Bitcoin Exchange Rate using Charts Predict Bitcoin’s Price

Charts are among the most important tools in any trader’s arsenal. Many traders use charts to not only figure out where the price is going but also to find the good entry or exit points for their trades. The truth of the matter is that using charts effectively can be difficult; there are so many different trading platforms and chart types out there, it’s often tough enough to pick one system, let alone understand all of them. Today we’re going to look at bitcoin exchange rate charts and how they can provide valuable insight into predicting future bitcoin price movements.

The Basics: Candlesticks and Ichimoku Clouds

Candlesticks have been used in technical analysis for decades now, with their popularity spiking during Japan’s aggressive stock market expansion in the 1980s. Candlesticks, essentially, are a Japanese version of bar charts used to illustrate price movements over a given period of time. There can be one candle per day or multiple candles on a single day depending on the period you’re looking at says Brian Colombana.

Candlestick formations contain vital information about where the price was, where it is going and where it may end up next. While there are dozens of candlestick formations out there that traders use all the time—from the signature White-and-Black Candle bullish reversal pattern to Hikkake patterns —we’re going to focus on two of the most basic: The Hammer and The Doji.

The Hammer represents a possible bottom point while The Doji, which has no bottom point, represents indecision among market participants.

The Hammer looks like an L with the long part of the “L” representing the length of time between open and close, while the short line is where the price opened during that time period. The Doji is simply when a candle’s open and close are virtually equal; it resembles an inverted T. More on this below…
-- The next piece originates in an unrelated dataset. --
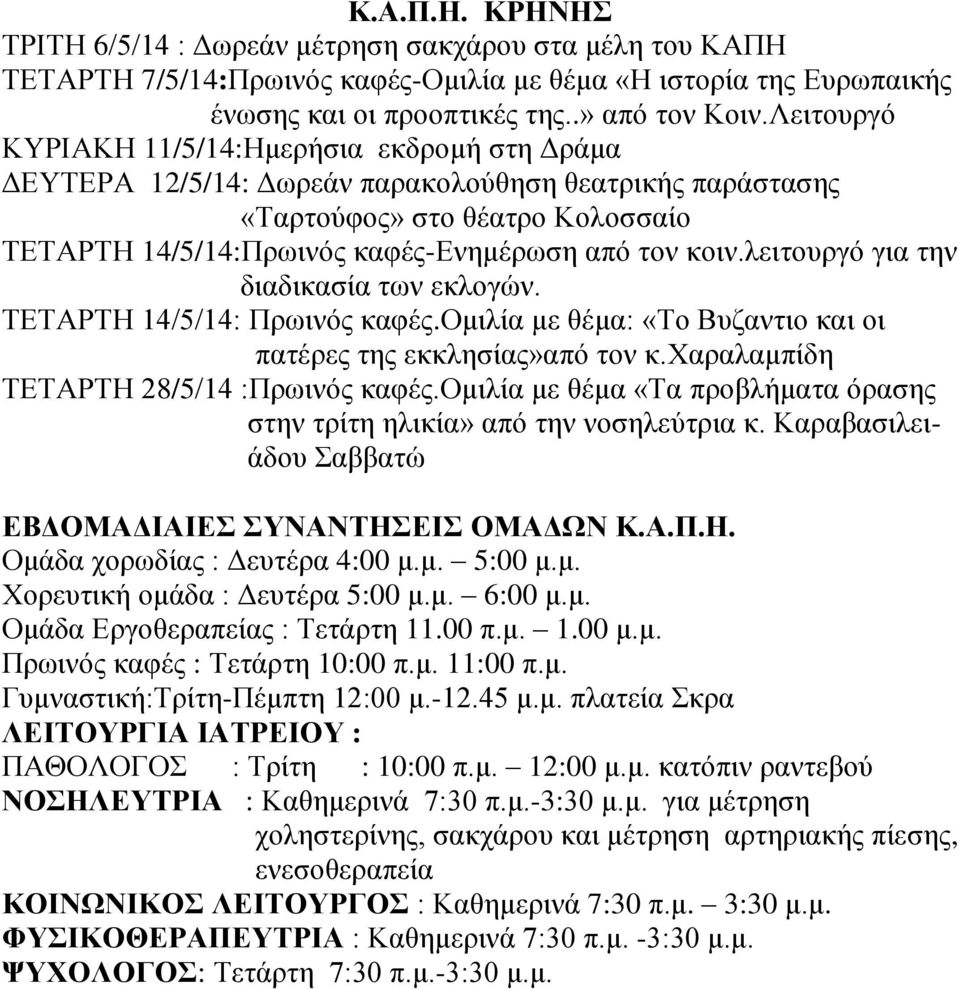λειτουργό για την διαδικασία των εκλογών. ΤΕΤΑΡΤΗ 14/5/14: Πρωινός καφές.ομιλία με θέμα: «Το Βυζαντιο και οι πατέρες της εκκλησίας»από τον κ.χαραλαμπίδη ΤΕΤΑΡΤΗ 28/5/14 :Πρωινός καφές.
Uses for Candlestick Analysis

  • Typically candlestick analysis is used to determine whether the market had experienced an uptrend or downtrend over any given day (or period). This can help traders better understand where resistance and support levels are in relation to each other since they’re dealing with probabilities, not absolutes. That said, candles can provide vital information about where the price likely is within any given pattern.
  • The Hammer/Doji formations are most useful when trying to establish support or resistance points. The most basic pattern with this in mind is what’s called the Evening Star, which is essentially a triple bearish reversal pattern (in our case, it would be occurring on an uptrend). This pattern consists of three candles: The first candle should have a very large real body and should open above the midpoint of the prior day’s real body. It will close near its low point for that session—a sell signal. However, since we’ve already established a top here, if it manages to form a Doji or Hammer at this level, then this could be the bottom of the move. Here’s what it looks like:
  • You can see how this pattern has occurred on multiple occasions already—the key is determining how far to take your trades before you close them out. This requires looking at trend lines to establish where the current upward trend line is so you know when you will likely be stopped out. Once again, the price must break below that downward orange line to confirm this formation as a top and signal that further losses are ahead.
  • The chart above gives us clues about future bitcoin price movements by showing us where resistance points are through Doji/Hammer formations (and other candlesticks) along with support points based on prior trends. The idea here is that it’s enough past data available, you can start to construct a picture of where the price is likely to go, based on prior movements.
  • If the orange line is broken, it will trigger a sell signal and you’ll know you need to get out of your long positions (or go short if you’re already in a short). Short-term traders may want to stay in until they see another Doji or Hammer formation begin to form—which would signal indecision among market participants. If that occurs then it simply becomes a waiting game before the next top or bottom is established.

Conclusion by Brian Colombana:

As you can see, the two formations—The Hammer and The Doji—can provide vital information to your trading about where support and resistance levels are. Learning when to get out of long positions (buy orders) or short positions (sell order) is just as important as knowing when to go in because these candlestick formations can give you a clue about how far momentum will carry the price away from support/resistance points before it reverses.